• [Task details]
The answer must give back every line of the data exactly, with no pictures.

• [Recorded data]
◇ ◇ ◇

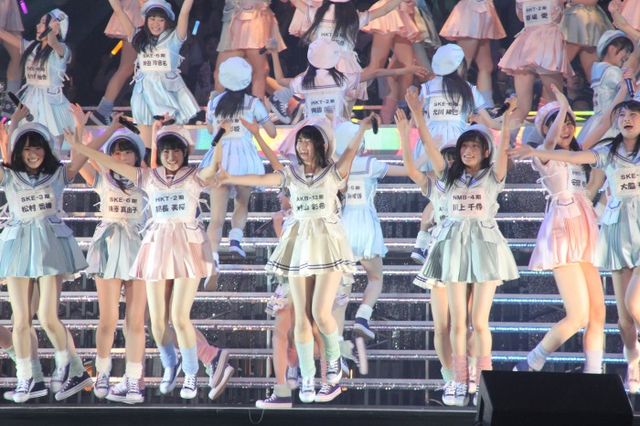 AKB48グループ研究生コンサート「推しメン早い者勝ち」フォト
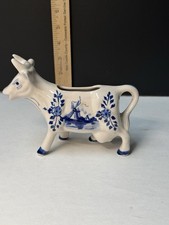 Collection of Delft-Style Blue & White Ceramic Cow Creamers (Set of 6) — listing 4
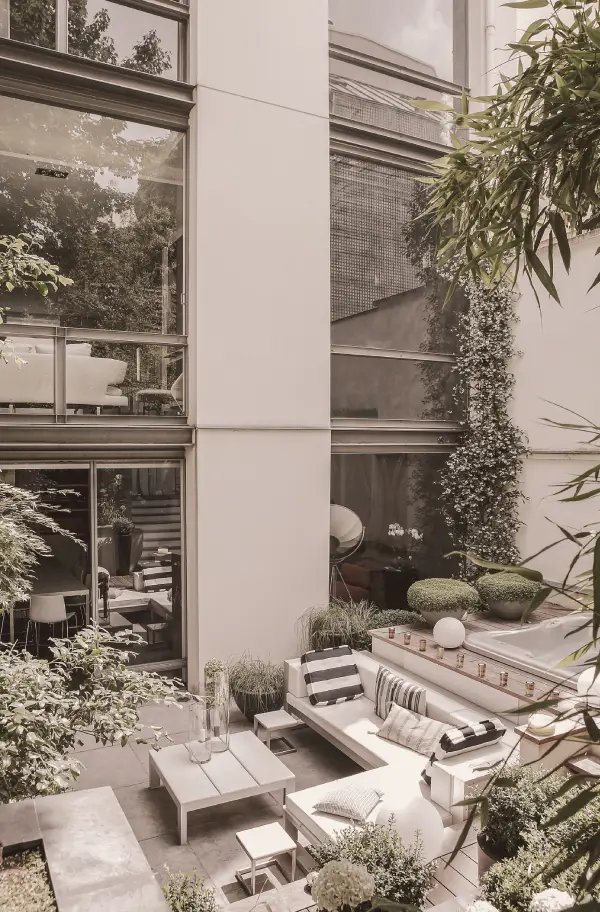 TIMELESS TOWN HOUSE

◇ ◇ ◇

• [Task output]
 AKB48グループ研究生コンサート「推しメン早い者勝ち」フォト
 Collection of Delft-Style Blue & White Ceramic Cow Creamers (Set of 6) — listing 4
 TIMELESS TOWN HOUSE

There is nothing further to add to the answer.